**Your instructions**
Your task is to write out the entire listing exactly, omitting its pictures.

**Data provided**
......

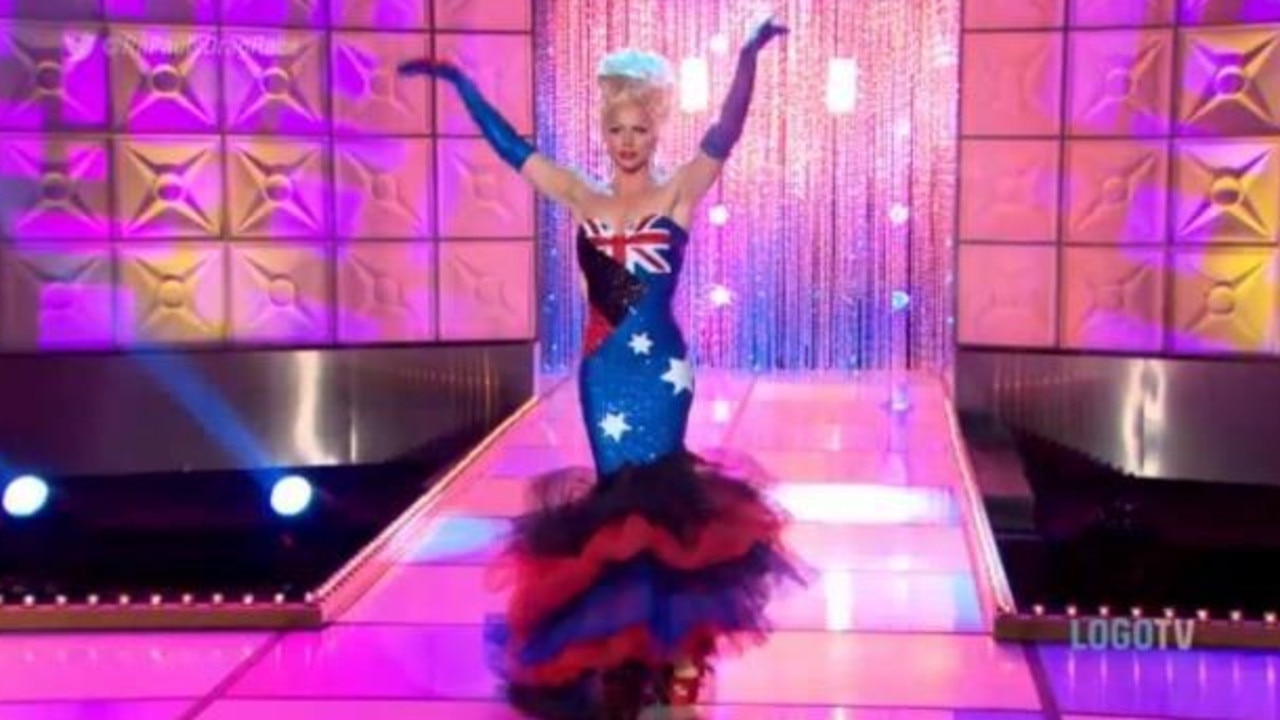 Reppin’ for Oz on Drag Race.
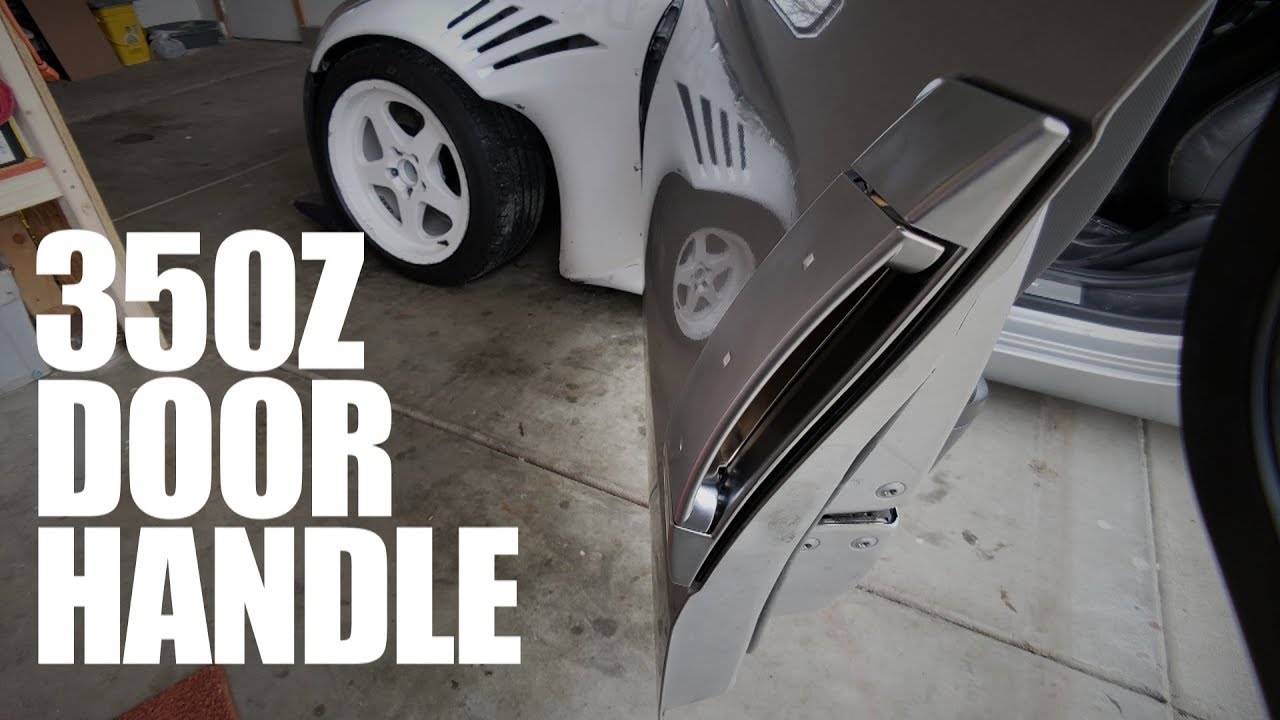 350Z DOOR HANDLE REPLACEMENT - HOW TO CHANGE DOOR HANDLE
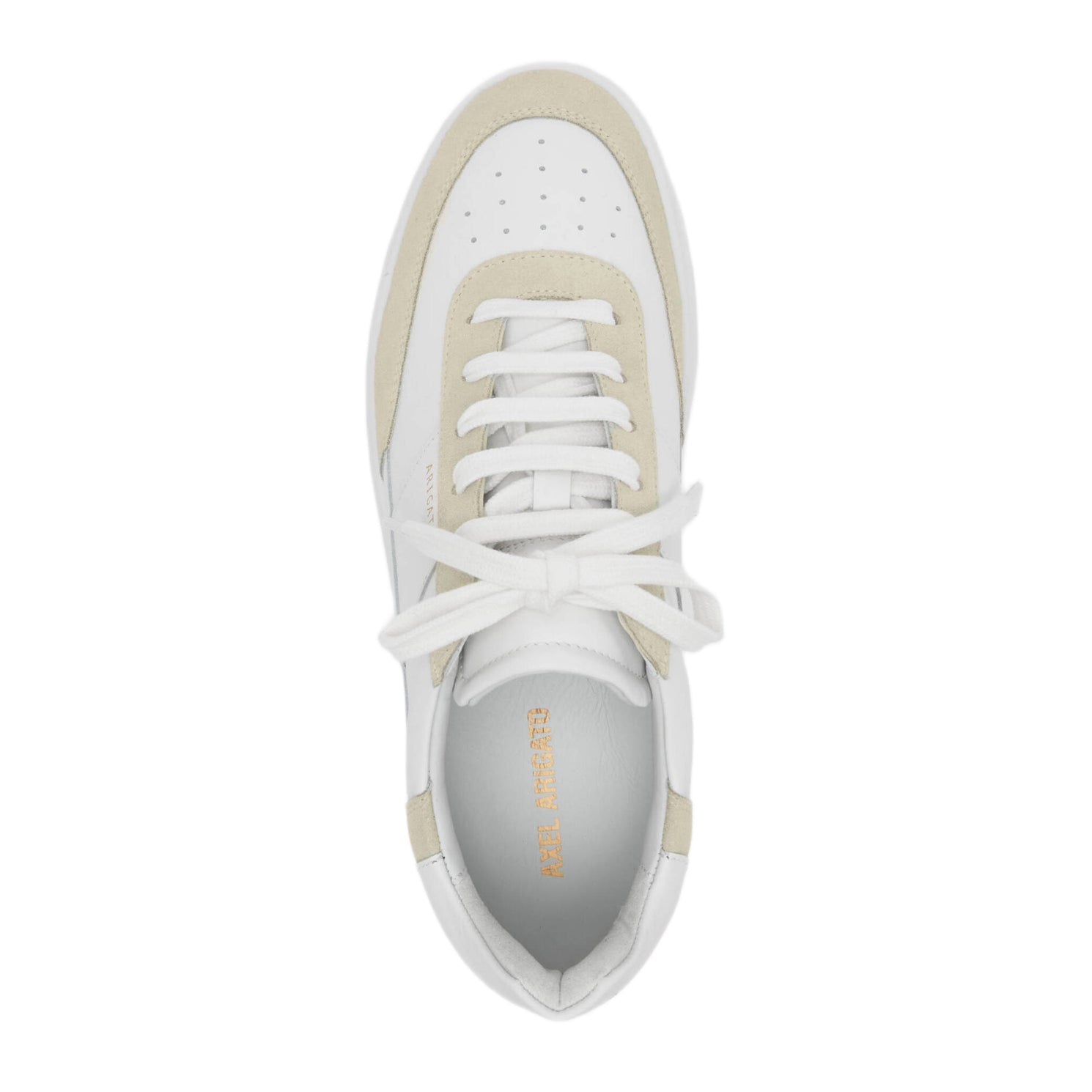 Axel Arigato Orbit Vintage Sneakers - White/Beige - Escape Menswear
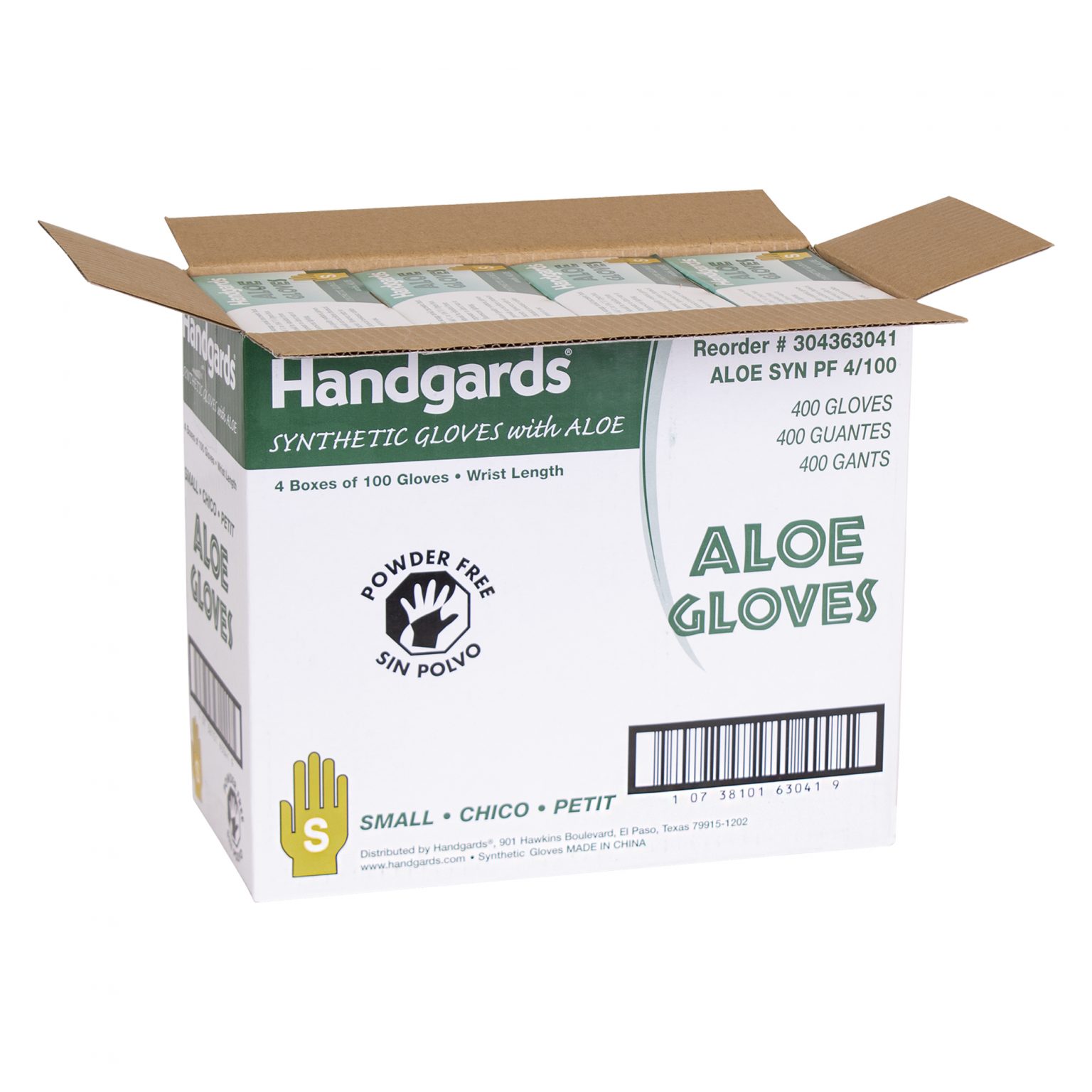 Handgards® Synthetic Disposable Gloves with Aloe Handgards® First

......

**Solution below**
 Reppin’ for Oz on Drag Race.
 350Z DOOR HANDLE REPLACEMENT - HOW TO CHANGE DOOR HANDLE
 Axel Arigato Orbit Vintage Sneakers - White/Beige - Escape Menswear
 Handgards® Synthetic Disposable Gloves with Aloe Handgards® First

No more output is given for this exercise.